- TASK TO COMPLETE:
Further down are entries; set down exactly and only the lines from the one with "V Neck Backless" up to and including the one with "Ubestyle UPF 50+", dropping each picture.

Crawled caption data
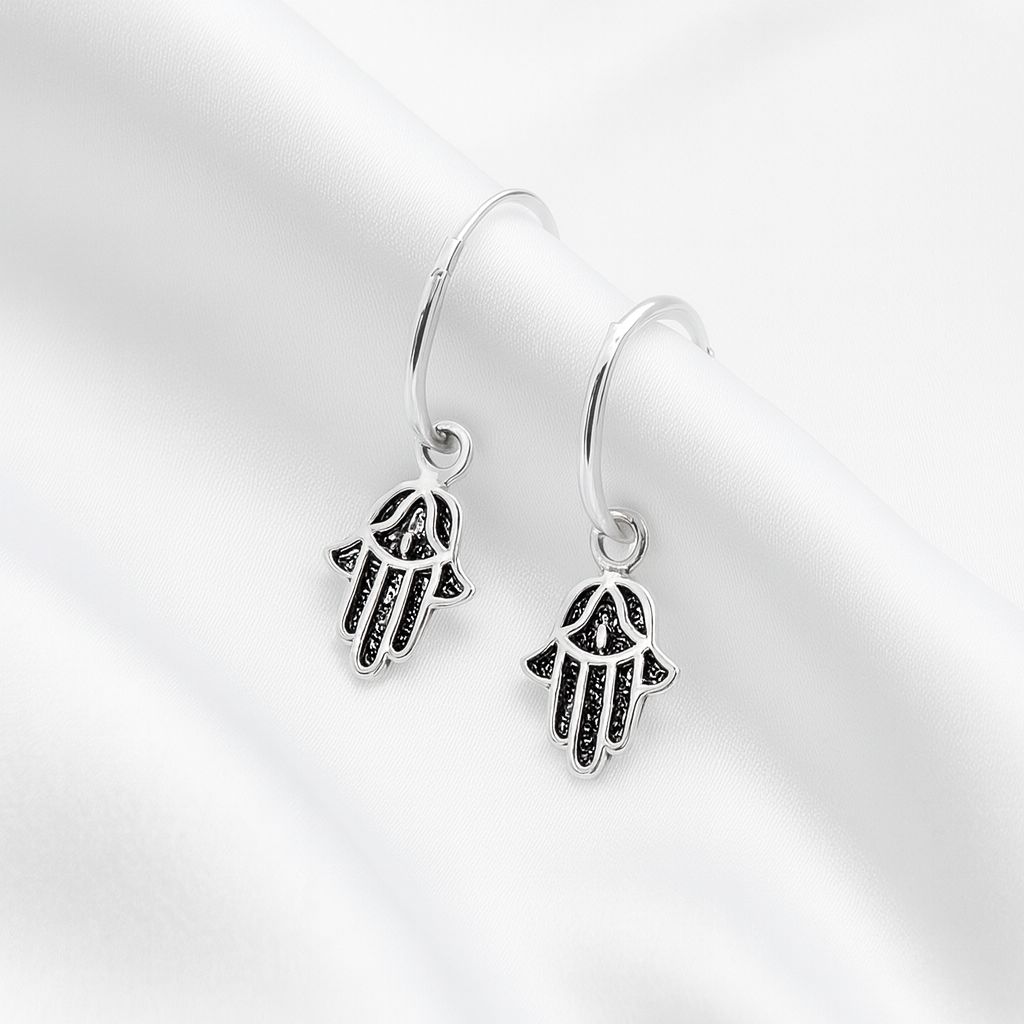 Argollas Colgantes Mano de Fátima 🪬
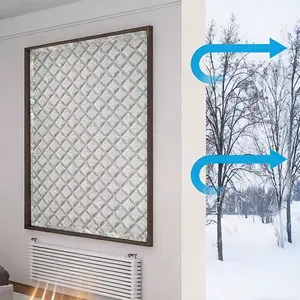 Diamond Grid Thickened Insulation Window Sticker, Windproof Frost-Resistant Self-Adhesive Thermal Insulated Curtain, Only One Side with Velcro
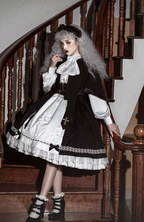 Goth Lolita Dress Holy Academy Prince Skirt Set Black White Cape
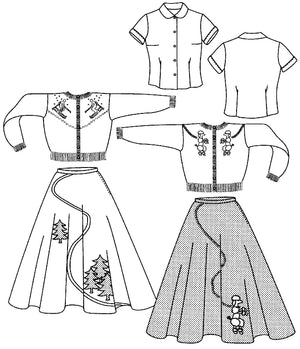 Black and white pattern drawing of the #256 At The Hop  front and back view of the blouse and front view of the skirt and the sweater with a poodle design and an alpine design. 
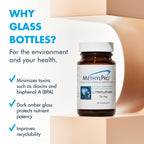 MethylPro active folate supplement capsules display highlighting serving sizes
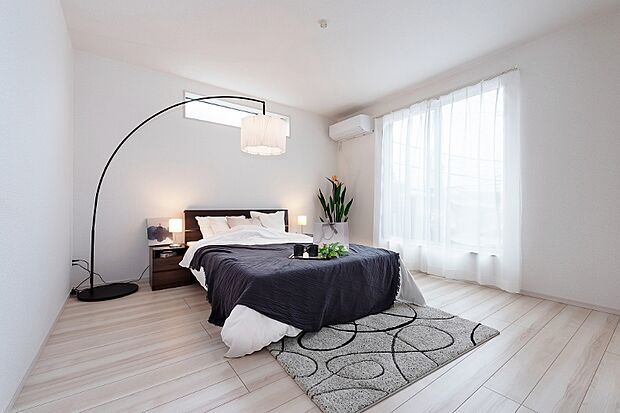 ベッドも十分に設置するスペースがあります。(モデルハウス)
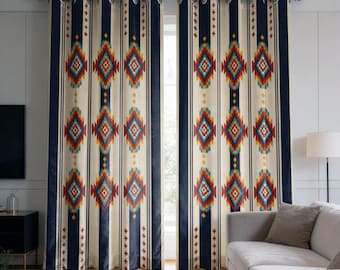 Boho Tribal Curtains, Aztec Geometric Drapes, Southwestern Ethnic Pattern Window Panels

* * *

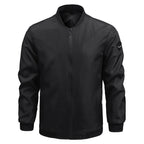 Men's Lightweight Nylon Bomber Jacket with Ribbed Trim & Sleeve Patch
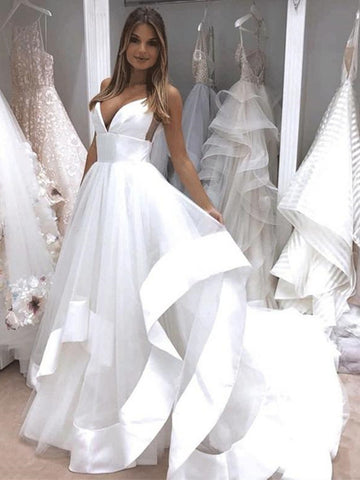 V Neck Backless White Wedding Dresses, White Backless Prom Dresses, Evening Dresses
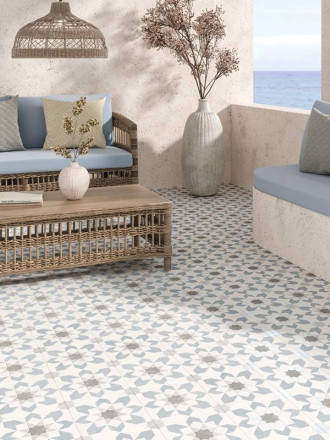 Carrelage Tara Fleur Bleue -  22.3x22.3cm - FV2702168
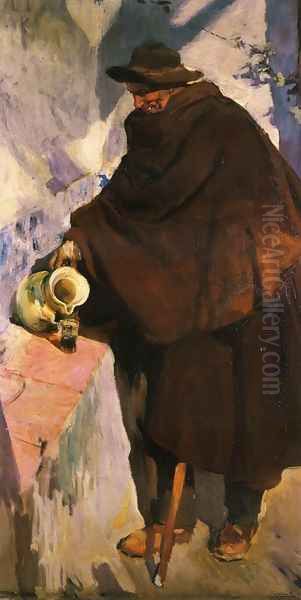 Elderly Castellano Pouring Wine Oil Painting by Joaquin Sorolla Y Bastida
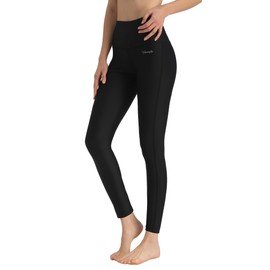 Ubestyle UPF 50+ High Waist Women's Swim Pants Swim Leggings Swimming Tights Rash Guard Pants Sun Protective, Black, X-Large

- WORKED SOLUTION:
 V Neck Backless White Wedding Dresses, White Backless Prom Dresses, Evening Dresses
 Carrelage Tara Fleur Bleue -  22.3x22.3cm - FV2702168
 Elderly Castellano Pouring Wine Oil Painting by Joaquin Sorolla Y Bastida
 Ubestyle UPF 50+ High Waist Women's Swim Pants Swim Leggings Swimming Tights Rash Guard Pants Sun Protective, Black, X-Large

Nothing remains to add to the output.